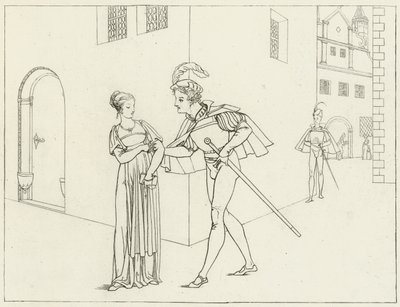 Ilustración para Fausto de Goethe de Friedrich August Moritz Retzsch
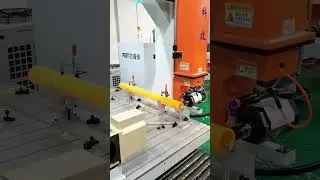5Axis CNC Machining of Thick Non-Metal Materials: Live On-Site Demo #cnc #cncmill #machine #5axiscnc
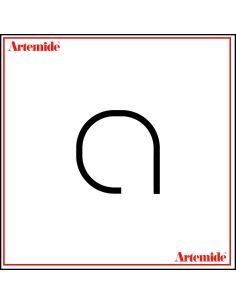 Artemide Alphabet Of Light Lampada Da Parete 'A' Lowercase E Solo Supporto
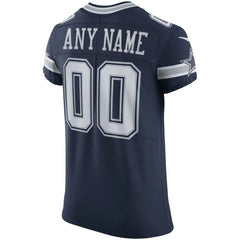 Dallas Cowboys Vapor Elite Custom Jersey - Navy - Nike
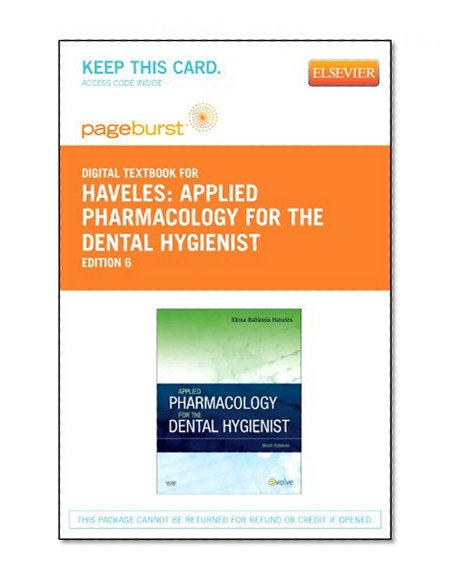 Applied Pharmacology for the Dental Hygienist - Elsevier eBook on VitalSource (Retail Access Card), 6e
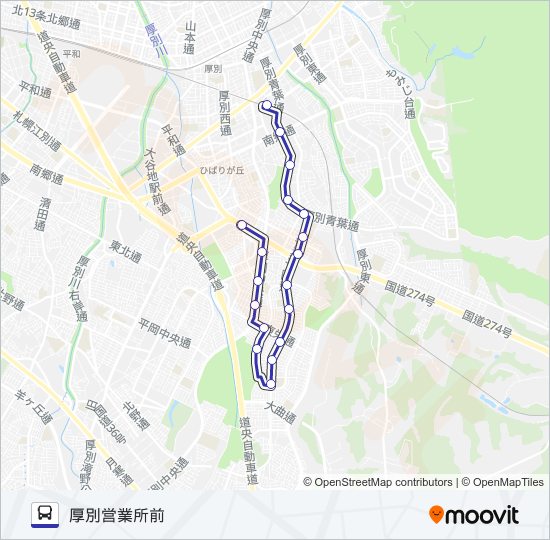 新１３ バスの路線図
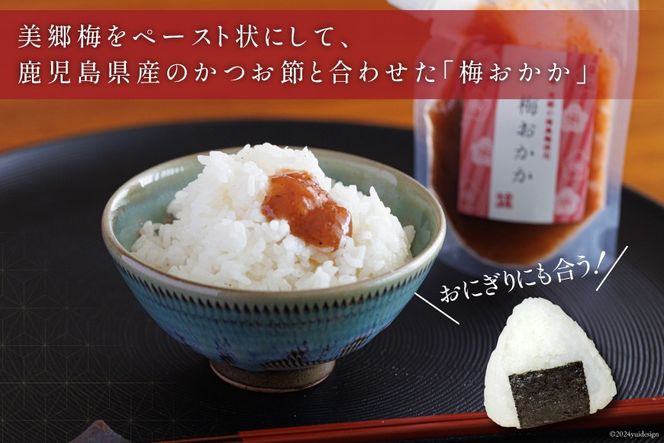 南高梅 梅おかか 80g×3袋 [春夏秋冬いっつもや 宮崎県 美郷町 31ab0136] ねり梅 和え物 簡単調理 便利 あっさり さっぱり 国産 セット 詰め合わせ 宮崎県産 常温 送料無料 贈答品 父の日 母の日 プレゼント ギフト 調味料 料理 調理 おかず 薬味 そうめん 素麺 フライ 揚げ 炒め 煮込み 普段使い 便利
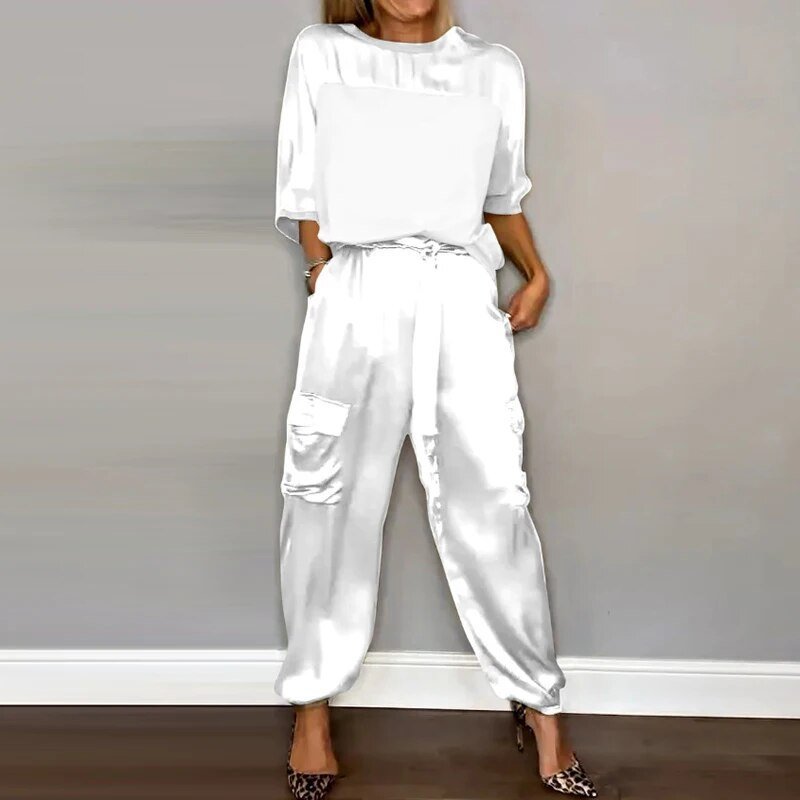 Kimberly two-piece set in White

• • • •

> **Exercise brief**: Repeat word for word the lines above, from the first entry through the line containing "Artemide Alphabet Of", with both ends kept and the pictures dropped.

> **Answer for this exercise**:
 Ilustración para Fausto de Goethe de Friedrich August Moritz Retzsch
5Axis CNC Machining of Thick Non-Metal Materials: Live On-Site Demo #cnc #cncmill #machine #5axiscnc
 Artemide Alphabet Of Light Lampada Da Parete 'A' Lowercase E Solo Supporto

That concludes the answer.